■ Assignment
From the material below, retype exactly the lines that begin at the line with "Flowing mane in" and end after the line with "X0000085790111200703301500"; pictures stay out of the copy.

■ Excerpted records
-- Opening Marker --

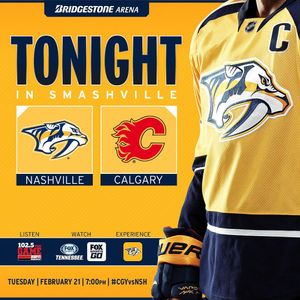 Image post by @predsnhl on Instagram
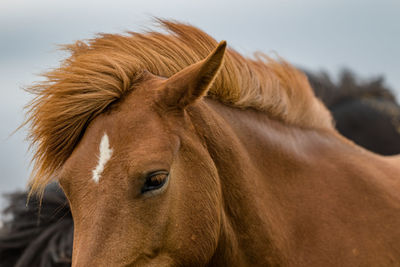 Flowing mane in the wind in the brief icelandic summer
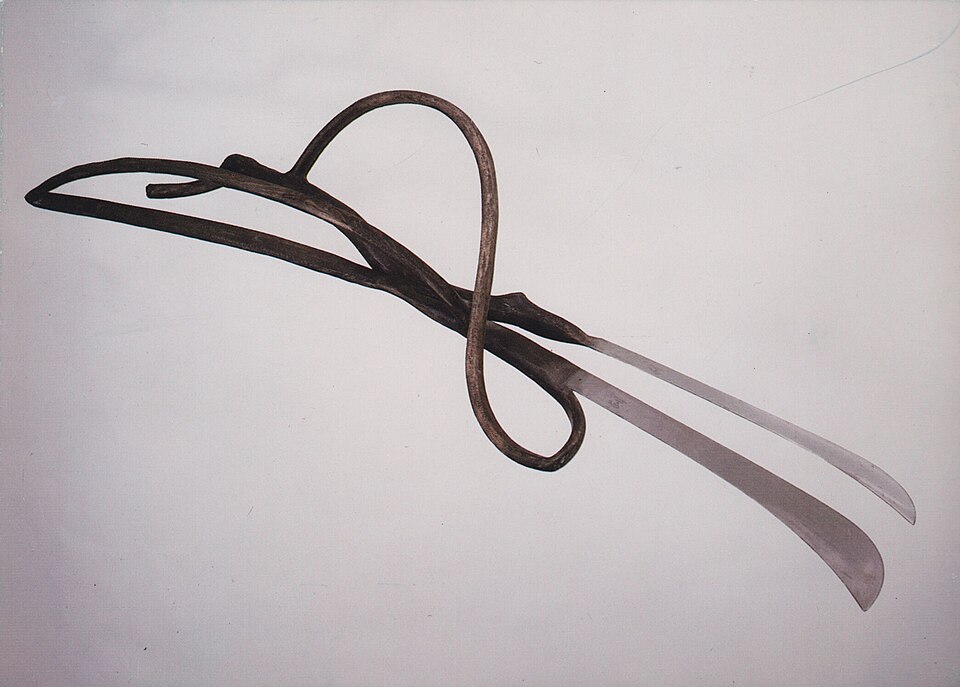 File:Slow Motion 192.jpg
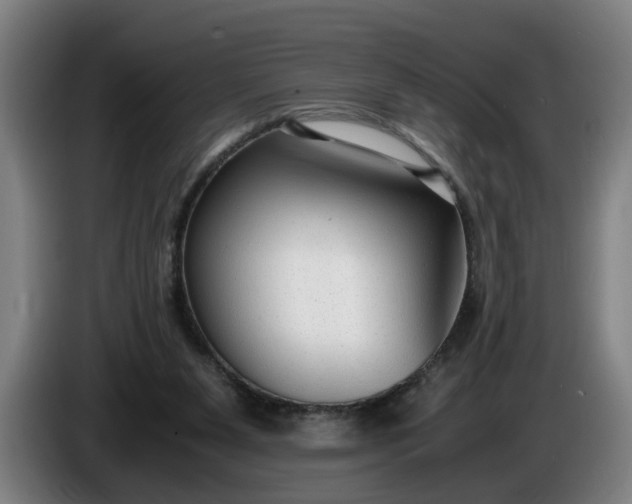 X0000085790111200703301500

-- Closing Marker --
-- Opening Marker --

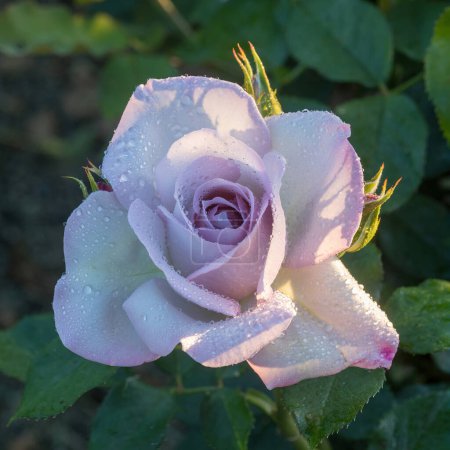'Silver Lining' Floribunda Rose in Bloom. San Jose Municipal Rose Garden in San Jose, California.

-- Closing Marker --

■ Answer box
 Flowing mane in the wind in the brief icelandic summer
 File:Slow Motion 192.jpg
 X0000085790111200703301500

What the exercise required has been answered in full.